22/12/19 20:07:05 WARN Utils: Your hostname, martin resolves to a loopback address: 127.0.1.1; using 192.168.0.24 instead (on interface wlp1s0)
22/12/19 20:07:05 WARN Utils: Set SPARK_LOCAL_IP if you need to bind to another address


Setting default log level to "WARN".
To adjust logging level use sc.setLogLevel(newLevel). For SparkR, use setLogLevel(newLevel).
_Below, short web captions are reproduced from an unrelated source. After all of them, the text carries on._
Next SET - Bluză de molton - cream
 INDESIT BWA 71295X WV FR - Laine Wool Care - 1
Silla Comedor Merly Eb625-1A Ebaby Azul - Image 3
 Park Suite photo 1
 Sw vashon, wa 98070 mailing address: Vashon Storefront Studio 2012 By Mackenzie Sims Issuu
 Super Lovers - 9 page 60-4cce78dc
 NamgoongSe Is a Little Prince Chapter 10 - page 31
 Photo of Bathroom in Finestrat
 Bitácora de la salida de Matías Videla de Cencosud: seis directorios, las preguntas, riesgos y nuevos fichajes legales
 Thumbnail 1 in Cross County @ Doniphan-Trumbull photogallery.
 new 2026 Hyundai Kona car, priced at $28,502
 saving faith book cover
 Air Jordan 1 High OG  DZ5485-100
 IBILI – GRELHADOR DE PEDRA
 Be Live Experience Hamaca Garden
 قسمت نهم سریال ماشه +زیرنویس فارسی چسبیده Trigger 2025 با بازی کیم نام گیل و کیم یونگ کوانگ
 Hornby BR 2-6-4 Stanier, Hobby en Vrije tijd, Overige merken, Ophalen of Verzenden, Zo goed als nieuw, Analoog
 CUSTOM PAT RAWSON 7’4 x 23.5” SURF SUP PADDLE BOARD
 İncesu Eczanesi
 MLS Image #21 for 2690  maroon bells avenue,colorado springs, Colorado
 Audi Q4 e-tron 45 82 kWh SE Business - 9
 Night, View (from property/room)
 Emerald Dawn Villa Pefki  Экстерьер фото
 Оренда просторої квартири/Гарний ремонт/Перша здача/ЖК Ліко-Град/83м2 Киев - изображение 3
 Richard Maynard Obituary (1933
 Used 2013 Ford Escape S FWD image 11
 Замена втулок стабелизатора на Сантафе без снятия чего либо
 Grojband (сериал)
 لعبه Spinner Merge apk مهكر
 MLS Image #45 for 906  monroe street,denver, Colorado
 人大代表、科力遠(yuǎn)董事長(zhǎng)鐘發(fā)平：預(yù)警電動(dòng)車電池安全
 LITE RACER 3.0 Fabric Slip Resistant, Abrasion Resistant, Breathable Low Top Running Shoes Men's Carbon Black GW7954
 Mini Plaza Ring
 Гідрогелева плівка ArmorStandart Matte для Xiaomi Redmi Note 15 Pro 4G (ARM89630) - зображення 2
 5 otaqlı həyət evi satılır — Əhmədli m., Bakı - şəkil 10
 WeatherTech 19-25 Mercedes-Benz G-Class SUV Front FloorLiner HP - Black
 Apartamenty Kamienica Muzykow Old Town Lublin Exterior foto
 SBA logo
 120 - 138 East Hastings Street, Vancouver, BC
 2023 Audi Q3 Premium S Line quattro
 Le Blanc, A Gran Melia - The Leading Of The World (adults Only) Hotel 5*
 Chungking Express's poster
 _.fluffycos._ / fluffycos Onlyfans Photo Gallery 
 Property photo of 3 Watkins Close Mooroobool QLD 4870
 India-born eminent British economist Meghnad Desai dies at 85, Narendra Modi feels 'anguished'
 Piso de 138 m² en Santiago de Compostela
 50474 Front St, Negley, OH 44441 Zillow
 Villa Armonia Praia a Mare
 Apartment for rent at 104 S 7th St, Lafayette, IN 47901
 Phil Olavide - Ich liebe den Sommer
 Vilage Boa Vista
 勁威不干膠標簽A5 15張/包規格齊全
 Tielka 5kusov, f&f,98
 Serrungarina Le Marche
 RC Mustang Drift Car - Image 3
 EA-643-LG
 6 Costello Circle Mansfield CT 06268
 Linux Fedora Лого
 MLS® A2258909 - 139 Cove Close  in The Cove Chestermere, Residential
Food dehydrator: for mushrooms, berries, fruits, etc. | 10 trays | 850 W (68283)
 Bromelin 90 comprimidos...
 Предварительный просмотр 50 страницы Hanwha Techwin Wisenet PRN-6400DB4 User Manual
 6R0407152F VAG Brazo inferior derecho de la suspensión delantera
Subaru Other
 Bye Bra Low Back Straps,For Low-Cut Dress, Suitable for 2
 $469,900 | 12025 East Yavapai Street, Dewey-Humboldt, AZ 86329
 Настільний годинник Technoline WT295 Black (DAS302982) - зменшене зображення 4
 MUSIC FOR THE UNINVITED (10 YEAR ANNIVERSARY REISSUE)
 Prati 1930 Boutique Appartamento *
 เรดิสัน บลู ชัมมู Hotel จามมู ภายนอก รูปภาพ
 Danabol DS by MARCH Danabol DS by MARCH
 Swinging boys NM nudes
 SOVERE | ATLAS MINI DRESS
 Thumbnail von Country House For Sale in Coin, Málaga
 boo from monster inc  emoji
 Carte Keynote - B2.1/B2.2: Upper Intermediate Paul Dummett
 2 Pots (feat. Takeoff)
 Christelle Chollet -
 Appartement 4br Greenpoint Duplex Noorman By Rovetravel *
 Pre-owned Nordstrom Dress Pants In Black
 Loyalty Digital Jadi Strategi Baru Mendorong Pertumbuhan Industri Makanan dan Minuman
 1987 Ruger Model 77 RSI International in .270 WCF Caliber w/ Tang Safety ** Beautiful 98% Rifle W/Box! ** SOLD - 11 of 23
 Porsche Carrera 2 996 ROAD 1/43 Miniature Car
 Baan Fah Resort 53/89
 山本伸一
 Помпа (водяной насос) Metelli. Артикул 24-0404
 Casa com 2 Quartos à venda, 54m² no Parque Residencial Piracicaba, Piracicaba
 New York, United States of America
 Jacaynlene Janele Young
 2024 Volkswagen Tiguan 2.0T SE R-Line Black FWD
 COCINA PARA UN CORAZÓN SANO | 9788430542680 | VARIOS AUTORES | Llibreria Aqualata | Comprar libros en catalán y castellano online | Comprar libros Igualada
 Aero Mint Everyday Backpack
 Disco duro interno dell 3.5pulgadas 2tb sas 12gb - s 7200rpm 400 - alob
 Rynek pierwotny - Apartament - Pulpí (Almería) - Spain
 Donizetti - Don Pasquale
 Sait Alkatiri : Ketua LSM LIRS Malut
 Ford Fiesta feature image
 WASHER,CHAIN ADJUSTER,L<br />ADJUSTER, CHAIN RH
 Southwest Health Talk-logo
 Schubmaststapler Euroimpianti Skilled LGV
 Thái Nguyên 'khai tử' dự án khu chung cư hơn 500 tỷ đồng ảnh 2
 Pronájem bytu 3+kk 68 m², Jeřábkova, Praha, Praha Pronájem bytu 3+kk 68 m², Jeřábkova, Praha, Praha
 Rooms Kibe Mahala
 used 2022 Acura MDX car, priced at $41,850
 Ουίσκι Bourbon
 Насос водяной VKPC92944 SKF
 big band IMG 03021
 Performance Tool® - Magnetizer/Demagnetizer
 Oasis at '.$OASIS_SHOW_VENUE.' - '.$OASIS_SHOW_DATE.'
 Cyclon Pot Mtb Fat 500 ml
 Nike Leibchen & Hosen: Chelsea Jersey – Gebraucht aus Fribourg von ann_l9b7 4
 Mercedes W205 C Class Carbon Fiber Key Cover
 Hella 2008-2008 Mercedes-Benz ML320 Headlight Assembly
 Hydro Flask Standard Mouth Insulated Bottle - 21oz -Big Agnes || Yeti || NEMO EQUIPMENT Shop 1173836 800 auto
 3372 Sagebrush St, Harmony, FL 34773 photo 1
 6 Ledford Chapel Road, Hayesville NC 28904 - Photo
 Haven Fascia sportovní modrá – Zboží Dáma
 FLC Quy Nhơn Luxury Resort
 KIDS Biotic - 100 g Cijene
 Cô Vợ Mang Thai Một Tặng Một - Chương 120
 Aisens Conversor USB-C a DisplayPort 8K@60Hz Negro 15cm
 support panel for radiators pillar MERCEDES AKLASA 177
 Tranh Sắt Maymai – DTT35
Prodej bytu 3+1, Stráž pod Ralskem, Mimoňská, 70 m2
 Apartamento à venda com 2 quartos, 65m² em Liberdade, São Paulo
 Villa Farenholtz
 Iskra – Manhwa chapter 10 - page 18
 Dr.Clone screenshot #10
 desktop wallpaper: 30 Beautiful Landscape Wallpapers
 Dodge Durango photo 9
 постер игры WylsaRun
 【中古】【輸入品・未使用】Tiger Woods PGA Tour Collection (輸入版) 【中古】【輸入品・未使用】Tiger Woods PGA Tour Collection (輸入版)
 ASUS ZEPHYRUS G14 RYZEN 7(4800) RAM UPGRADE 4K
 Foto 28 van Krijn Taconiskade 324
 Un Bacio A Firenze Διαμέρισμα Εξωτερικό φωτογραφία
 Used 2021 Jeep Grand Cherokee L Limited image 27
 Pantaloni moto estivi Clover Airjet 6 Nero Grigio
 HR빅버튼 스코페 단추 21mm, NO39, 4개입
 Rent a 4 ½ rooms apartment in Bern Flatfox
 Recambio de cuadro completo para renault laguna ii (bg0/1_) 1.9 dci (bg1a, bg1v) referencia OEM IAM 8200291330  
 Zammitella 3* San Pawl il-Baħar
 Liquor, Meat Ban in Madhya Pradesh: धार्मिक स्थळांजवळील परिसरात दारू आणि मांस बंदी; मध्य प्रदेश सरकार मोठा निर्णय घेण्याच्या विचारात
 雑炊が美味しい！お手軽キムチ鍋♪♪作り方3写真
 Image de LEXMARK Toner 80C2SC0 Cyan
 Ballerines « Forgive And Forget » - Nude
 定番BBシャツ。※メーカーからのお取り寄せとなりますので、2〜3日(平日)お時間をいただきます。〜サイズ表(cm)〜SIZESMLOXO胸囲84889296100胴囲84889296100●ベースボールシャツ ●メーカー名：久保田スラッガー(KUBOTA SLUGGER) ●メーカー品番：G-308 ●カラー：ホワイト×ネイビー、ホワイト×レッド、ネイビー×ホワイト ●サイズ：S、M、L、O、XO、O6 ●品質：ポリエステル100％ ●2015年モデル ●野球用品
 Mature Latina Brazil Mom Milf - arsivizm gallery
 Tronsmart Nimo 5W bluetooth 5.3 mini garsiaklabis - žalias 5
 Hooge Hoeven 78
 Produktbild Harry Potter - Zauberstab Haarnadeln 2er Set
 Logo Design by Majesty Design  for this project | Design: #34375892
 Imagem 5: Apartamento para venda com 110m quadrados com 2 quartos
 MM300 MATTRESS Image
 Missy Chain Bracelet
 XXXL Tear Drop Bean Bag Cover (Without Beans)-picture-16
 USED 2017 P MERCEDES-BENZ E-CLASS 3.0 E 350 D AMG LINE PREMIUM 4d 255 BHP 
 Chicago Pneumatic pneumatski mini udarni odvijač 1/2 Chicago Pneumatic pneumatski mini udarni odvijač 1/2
22/12/19 20:07:16 WARN NativeCodeLoader: Unable to load native-hadoop library for your platform... using builtin-java classes where applicable


In [3]:
# Dataset common path
common_path = "./"                      # Default dataset path
common_path = "../datasets/small_data/" # Custom dataset path

# Dataset names
phones_acc_path = common_path + "Phones_accelerometer.csv"
phones_gyr_path = common_path + "Phones_gyroscope.csv"
watch_acc_path = common_path + "Watch_accelerometer.csv"
watch_gry_path = common_path + "Watch_gyroscope.csv"

# Defining dataset schema
dataset_schema = StructType([
    StructField("Index", IntegerType(), True),
    StructField("Arrival_Time", StringType(), True),
    StructField("Creation_Time", StringType(), True),
    StructField("x", FloatType(), True),
    StructField("y", FloatType(), True),
    StructField("z", FloatType(), True),
    StructField("User", StringType(), True),
    StructField("Model", StringType(), True),
    StructField("Device", StringType(), True),
    StructField("gt", StringType(), True)
])

In [4]:
# Importing each dataset into a dataframe
df_acc_phones = spark.read.format("csv").schema(dataset_schema).load(phones_acc_path)
df_gyr_phones = spark.read.format("csv").schema(dataset_schema).load(phones_gyr_path)
df_acc_watches = spark.read.format("csv").schema(dataset_schema).load(watch_acc_path)
df_gyr_watches = spark.read.format("csv").schema(dataset_schema).load(watch_gry_path)

In [5]:
# Print schema and dataframe for one of them as a sample
df_acc_phones.printSchema()
df_acc_phones.show()

root
 |-- Index: integer (nullable = true)
 |-- Arrival_Time: string (nullable = true)
 |-- Creation_Time: string (nullable = true)
 |-- x: float (nullable = true)
 |-- y: float (nullable = true)
 |-- z: float (nullable = true)
 |-- User: string (nullable = true)
 |-- Model: string (nullable = true)
 |-- Device: string (nullable = true)
 |-- gt: string (nullable = true)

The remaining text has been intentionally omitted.